(Records contained in a dataset)
◆ ◆ ◆
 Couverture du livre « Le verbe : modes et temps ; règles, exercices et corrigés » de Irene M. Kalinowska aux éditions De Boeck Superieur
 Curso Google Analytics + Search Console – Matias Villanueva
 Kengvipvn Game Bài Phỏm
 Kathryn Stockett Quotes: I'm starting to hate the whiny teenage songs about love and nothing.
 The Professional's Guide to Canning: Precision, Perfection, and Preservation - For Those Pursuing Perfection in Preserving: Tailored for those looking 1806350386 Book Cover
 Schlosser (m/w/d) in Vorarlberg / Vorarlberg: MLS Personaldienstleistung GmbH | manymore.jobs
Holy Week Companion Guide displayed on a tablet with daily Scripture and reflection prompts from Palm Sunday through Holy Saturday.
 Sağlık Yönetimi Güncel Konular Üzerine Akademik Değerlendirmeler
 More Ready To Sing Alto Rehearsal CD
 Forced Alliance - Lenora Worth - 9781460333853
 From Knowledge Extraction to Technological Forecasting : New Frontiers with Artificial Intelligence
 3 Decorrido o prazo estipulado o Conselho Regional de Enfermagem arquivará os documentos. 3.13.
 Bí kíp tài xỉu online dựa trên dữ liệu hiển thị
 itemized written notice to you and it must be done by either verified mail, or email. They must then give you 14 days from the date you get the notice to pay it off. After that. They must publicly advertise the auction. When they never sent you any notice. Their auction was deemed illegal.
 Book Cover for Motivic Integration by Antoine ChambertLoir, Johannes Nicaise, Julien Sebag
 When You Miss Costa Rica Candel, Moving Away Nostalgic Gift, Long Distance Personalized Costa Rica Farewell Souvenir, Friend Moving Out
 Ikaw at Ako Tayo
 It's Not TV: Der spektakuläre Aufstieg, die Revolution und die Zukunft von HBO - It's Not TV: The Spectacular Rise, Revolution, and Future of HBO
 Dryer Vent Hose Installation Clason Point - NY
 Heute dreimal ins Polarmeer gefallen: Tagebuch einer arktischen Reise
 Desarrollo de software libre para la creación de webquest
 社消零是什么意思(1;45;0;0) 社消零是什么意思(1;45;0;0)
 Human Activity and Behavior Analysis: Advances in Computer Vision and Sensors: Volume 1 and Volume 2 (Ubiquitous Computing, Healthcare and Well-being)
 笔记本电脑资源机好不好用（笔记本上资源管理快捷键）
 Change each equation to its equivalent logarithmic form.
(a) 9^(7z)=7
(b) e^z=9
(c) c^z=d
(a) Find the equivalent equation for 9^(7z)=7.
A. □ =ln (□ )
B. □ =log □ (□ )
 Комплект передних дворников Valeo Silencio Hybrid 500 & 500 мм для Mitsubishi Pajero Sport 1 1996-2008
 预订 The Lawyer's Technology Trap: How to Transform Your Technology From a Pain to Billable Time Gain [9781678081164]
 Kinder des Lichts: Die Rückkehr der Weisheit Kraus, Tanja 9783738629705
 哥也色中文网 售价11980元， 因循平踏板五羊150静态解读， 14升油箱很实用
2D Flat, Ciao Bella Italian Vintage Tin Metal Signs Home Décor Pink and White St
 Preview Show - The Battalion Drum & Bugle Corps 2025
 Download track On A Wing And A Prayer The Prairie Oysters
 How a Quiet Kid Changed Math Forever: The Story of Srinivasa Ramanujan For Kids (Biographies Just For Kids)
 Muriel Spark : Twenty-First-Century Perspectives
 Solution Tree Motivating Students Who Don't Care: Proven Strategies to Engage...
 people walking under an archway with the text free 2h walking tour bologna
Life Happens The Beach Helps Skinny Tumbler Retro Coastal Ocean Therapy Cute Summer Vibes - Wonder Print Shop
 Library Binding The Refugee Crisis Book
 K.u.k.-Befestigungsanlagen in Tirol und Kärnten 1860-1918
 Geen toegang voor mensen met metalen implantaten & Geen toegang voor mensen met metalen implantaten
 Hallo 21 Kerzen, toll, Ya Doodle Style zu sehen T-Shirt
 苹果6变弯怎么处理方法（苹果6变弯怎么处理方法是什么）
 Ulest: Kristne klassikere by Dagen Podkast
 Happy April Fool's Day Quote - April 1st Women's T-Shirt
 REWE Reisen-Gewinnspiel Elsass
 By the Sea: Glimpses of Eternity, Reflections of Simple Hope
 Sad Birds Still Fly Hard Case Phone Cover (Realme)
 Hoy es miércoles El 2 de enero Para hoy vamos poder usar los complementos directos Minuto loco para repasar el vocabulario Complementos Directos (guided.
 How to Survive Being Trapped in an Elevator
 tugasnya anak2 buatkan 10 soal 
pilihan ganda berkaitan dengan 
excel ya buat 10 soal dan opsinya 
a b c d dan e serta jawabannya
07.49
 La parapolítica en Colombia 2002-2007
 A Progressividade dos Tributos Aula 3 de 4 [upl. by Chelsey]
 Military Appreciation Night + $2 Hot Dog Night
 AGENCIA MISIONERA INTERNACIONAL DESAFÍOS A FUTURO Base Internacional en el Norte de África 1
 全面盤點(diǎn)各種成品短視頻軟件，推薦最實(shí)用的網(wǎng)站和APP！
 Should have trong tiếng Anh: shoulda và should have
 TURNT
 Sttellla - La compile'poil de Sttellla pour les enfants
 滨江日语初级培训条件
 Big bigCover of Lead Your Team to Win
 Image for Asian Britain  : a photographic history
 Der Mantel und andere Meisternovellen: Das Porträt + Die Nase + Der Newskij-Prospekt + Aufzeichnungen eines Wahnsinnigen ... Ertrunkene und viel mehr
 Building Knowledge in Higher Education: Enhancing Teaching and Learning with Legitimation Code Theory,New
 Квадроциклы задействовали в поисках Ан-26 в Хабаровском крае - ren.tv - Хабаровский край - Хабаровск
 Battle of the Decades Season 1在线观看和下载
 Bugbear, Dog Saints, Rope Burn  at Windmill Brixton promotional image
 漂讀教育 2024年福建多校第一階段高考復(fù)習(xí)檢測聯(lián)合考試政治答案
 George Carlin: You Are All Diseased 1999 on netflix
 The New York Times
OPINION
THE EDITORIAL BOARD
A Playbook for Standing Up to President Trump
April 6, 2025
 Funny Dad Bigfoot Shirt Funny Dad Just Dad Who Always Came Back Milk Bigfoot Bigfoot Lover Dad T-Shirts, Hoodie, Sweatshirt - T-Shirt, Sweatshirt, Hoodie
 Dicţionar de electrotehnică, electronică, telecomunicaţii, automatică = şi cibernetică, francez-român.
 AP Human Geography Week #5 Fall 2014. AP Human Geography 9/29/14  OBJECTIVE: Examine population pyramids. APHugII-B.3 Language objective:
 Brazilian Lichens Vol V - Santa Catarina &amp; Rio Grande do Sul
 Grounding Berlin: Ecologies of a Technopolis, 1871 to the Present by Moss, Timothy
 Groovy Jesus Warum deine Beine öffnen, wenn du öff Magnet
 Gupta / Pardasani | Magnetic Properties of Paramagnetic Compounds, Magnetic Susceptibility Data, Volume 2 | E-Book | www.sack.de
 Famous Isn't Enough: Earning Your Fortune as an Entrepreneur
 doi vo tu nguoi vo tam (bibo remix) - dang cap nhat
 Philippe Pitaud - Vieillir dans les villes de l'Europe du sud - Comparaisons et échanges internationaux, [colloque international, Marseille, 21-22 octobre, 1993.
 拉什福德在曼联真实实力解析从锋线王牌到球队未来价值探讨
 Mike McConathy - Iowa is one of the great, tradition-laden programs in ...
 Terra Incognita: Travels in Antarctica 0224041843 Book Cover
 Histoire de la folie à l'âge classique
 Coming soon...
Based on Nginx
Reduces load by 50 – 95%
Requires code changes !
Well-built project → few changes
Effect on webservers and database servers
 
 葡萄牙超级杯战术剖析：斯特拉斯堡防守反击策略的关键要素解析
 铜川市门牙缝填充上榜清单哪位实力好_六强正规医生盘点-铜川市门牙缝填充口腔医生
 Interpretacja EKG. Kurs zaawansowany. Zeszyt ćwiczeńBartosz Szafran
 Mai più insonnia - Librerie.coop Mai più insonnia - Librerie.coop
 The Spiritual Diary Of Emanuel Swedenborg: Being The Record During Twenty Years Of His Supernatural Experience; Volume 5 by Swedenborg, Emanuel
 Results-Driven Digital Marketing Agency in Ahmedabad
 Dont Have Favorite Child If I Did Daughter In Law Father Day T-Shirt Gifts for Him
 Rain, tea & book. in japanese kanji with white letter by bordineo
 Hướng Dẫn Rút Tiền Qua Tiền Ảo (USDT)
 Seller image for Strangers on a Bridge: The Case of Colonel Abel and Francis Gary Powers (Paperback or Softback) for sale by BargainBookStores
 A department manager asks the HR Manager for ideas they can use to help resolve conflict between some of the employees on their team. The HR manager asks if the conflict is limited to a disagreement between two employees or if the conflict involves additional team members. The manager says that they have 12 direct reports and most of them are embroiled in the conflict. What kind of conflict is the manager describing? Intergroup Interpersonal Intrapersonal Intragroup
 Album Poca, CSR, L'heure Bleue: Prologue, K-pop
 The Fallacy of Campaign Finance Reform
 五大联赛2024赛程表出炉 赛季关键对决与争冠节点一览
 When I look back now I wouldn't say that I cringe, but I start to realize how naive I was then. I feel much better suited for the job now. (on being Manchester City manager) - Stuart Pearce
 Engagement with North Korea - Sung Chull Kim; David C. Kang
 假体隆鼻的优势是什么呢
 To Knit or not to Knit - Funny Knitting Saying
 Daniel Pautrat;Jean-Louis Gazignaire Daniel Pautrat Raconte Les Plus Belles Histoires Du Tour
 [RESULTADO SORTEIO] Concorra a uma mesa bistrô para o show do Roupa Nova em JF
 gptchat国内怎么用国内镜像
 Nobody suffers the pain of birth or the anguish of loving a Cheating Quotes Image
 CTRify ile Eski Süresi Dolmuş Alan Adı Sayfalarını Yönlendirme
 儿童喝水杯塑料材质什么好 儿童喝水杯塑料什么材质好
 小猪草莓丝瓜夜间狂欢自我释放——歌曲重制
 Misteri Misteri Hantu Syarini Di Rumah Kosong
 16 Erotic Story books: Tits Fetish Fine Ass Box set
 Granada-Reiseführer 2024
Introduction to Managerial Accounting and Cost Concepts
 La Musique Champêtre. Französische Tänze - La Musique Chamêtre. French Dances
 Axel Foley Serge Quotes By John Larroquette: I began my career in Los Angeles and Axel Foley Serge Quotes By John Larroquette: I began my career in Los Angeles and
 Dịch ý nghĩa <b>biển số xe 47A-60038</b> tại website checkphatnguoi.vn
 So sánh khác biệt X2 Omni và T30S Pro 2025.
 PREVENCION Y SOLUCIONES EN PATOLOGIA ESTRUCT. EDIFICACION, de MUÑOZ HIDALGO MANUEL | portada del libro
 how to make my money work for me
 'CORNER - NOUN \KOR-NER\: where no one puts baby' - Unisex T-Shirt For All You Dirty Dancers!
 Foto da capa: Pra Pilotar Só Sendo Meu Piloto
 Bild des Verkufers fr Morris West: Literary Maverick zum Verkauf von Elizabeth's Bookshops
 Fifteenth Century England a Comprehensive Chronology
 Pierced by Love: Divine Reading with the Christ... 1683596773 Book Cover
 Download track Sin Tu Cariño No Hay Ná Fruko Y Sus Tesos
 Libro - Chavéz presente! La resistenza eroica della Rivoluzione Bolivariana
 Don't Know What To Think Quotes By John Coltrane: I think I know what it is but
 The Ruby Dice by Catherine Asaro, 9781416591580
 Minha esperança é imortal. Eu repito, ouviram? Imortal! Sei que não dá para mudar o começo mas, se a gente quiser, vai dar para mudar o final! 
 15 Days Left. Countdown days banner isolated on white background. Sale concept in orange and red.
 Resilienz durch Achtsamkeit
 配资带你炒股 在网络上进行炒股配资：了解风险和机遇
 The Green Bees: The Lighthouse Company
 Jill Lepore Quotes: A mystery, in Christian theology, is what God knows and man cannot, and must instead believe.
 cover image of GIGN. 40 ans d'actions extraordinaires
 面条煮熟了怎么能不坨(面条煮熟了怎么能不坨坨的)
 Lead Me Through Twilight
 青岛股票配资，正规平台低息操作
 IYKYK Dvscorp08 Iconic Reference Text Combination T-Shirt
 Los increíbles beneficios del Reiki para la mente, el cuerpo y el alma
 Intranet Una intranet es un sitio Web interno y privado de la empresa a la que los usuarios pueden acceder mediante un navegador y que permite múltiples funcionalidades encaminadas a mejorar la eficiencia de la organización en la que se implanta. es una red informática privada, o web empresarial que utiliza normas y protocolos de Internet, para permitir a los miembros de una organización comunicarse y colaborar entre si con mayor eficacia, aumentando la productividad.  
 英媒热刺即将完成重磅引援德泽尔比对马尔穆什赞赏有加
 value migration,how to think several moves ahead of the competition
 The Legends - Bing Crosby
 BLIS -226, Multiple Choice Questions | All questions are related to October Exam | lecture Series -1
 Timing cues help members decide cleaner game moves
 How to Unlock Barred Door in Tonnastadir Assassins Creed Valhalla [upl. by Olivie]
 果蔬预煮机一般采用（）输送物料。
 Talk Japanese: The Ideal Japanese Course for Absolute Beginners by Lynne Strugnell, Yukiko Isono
◆ ◆ ◆
Exercise directions -> Reproduce only the lines above spanning from the line containing "Histoire de la folie à l'âge classique" through the line containing "Mai più insonnia - Librerie.coop Mai", word for word.

Response to the task ->
 Histoire de la folie à l'âge classique
 Coming soon...
Based on Nginx
Reduces load by 50 – 95%
Requires code changes !
Well-built project → few changes
Effect on webservers and database servers
 
 葡萄牙超级杯战术剖析：斯特拉斯堡防守反击策略的关键要素解析
 铜川市门牙缝填充上榜清单哪位实力好_六强正规医生盘点-铜川市门牙缝填充口腔医生
 Interpretacja EKG. Kurs zaawansowany. Zeszyt ćwiczeńBartosz Szafran
 Mai più insonnia - Librerie.coop Mai più insonnia - Librerie.coop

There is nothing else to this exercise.